Developing a Data Warehouse Architecture

 


By Laura Hadley

A data warehouse architecture is a description of the elements and services of the warehouse, with details showing how the components will fit together and how the system will grow over time. There is always an architecture, either ad hoc or planned, but experience shows that planned architectures have a better chance of succeeding.

“Every data warehouse has an architecture,” says Warren Thornthwaite, a partner with Menlo Park, CA-based InfoDynamics LLC. “It's either ad hoc or planned; implied or documented. Unfortunately, many warehouses are developed without an explicit architectural plan, which severely limits flexibility.” Without architecture, subject areas don't fit together, connections lead to nowhere, and the whole warehouse is difficult to manage and change.

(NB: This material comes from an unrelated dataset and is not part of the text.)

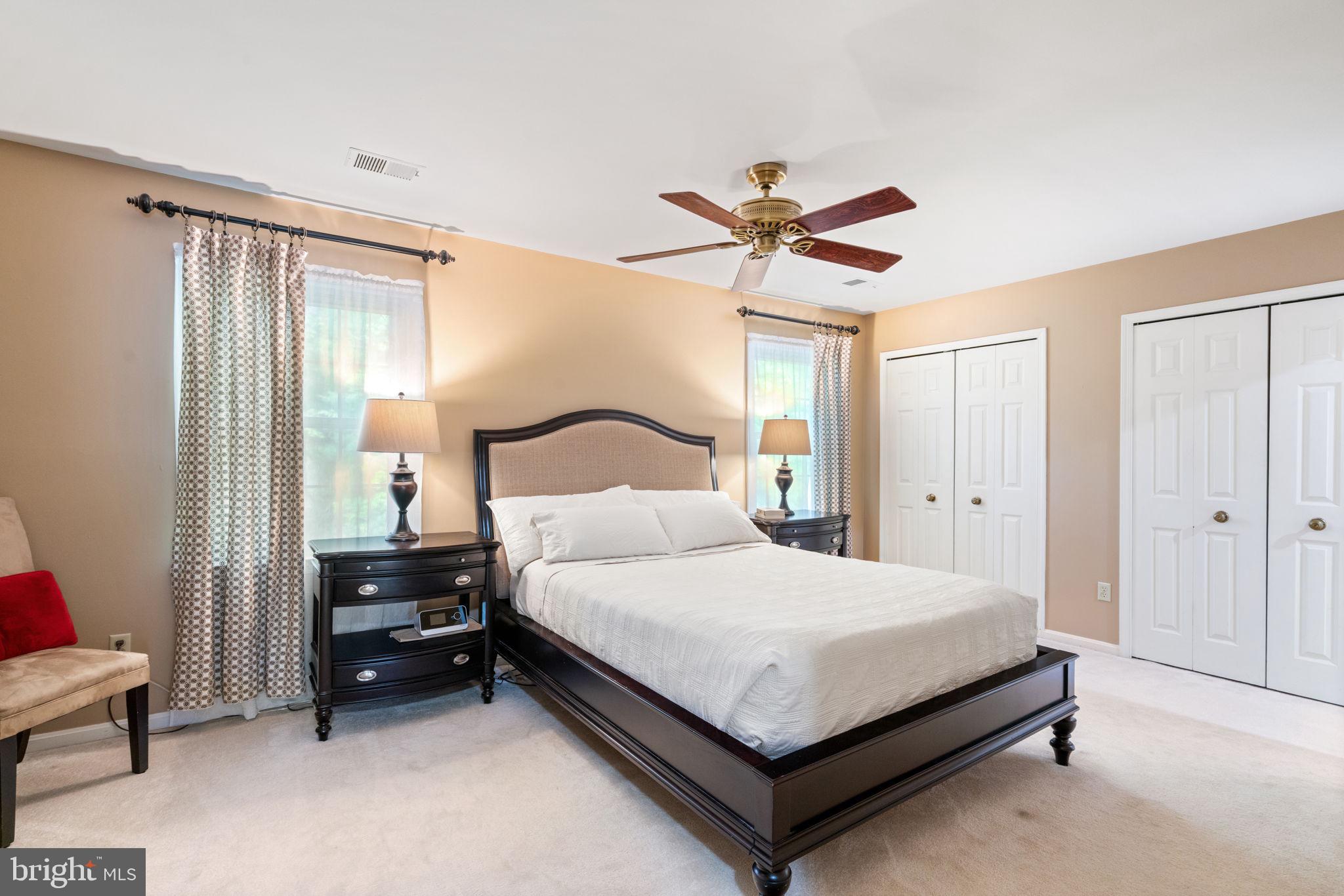 10334 Hampshire Green Ave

In addition, although it might not seem important, the architecture of a data warehouse becomes the framework for product selection.

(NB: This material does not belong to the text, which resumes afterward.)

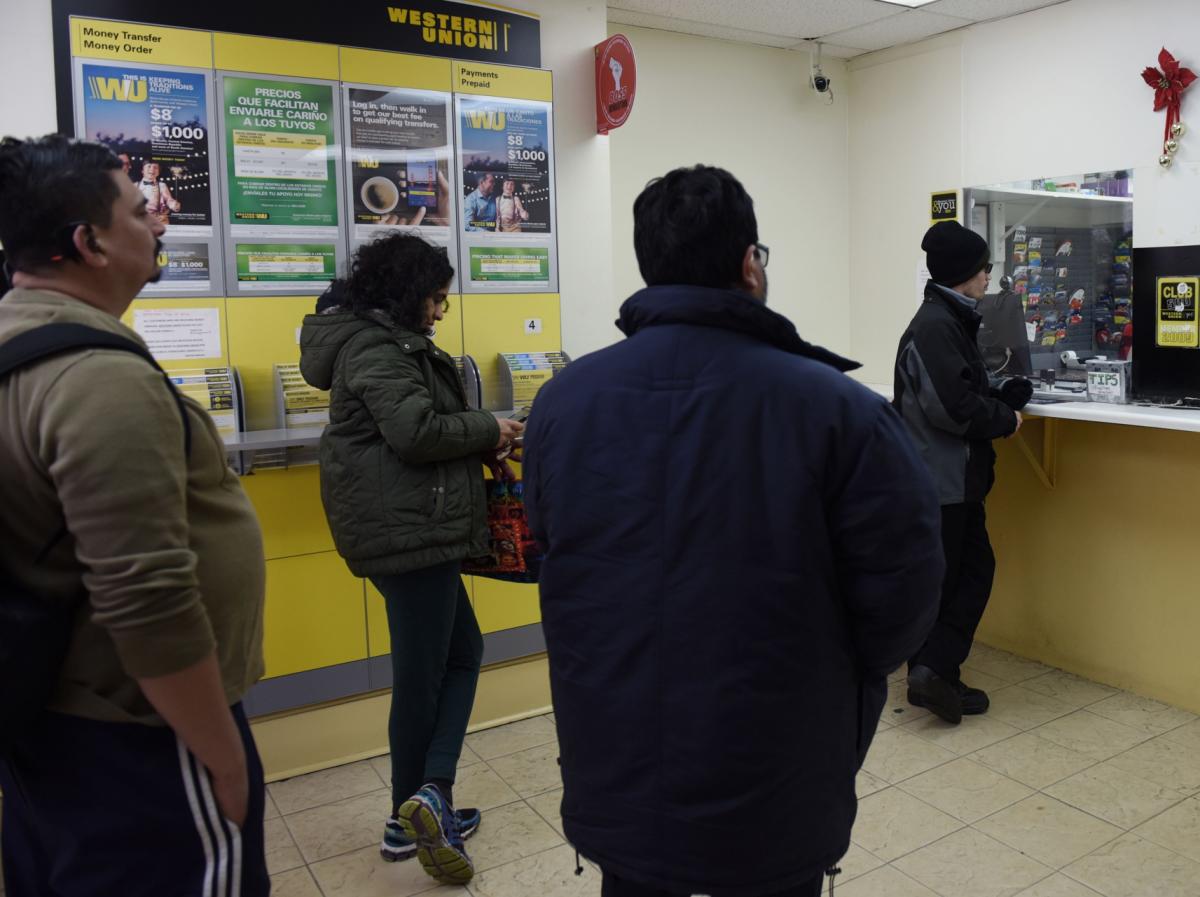 Inauguramos nuestro primer CASH FRESH en Badajoz capital, que supone la  creación de más de una veintena de empleos directos - Grupo MAS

Thornthwaite compares the development of a data warehouse to building a real house. “But how do you build a $3 million mansion, let alone a $100,000 house?” You do it with blueprints, he says—the drawings, specifications, and standards showing how the house will be constructed, at multiple levels of detail. Of course, there are different versions of the blueprint for various subsystems of the house, such as plumbing, electrical, HVAC, communications, and vacuum. There's also standards that all homes follow, including plugs, lights, plumbing fixtures, door sizes, etc.

For data warehousing, the architecture is a description of the elements and services of the warehouse, with details showing how the components will fit together and how the system will grow over time. Like the house analogy, the warehouse architecture is a set of documents, plans, models, drawings, and specifications, with separate sections for each key component area and enough detail to allow their implementation by skilled professionals.

“This is not a requirements document,” Thornthwaite points out. “The requirements document says what the architecture needs to do. The architecture also isn't a project plan or task list; it's the what, not the how or why.”

It's also not easy, he says, because we've only been developing data warehouse systems for 15 years, versus 5,000 years for building homes. Therefore we have fewer standards, the tools and techniques are rapidly evolving, there is little documentation of what systems we already have, and data warehouse terminology is extremely loose.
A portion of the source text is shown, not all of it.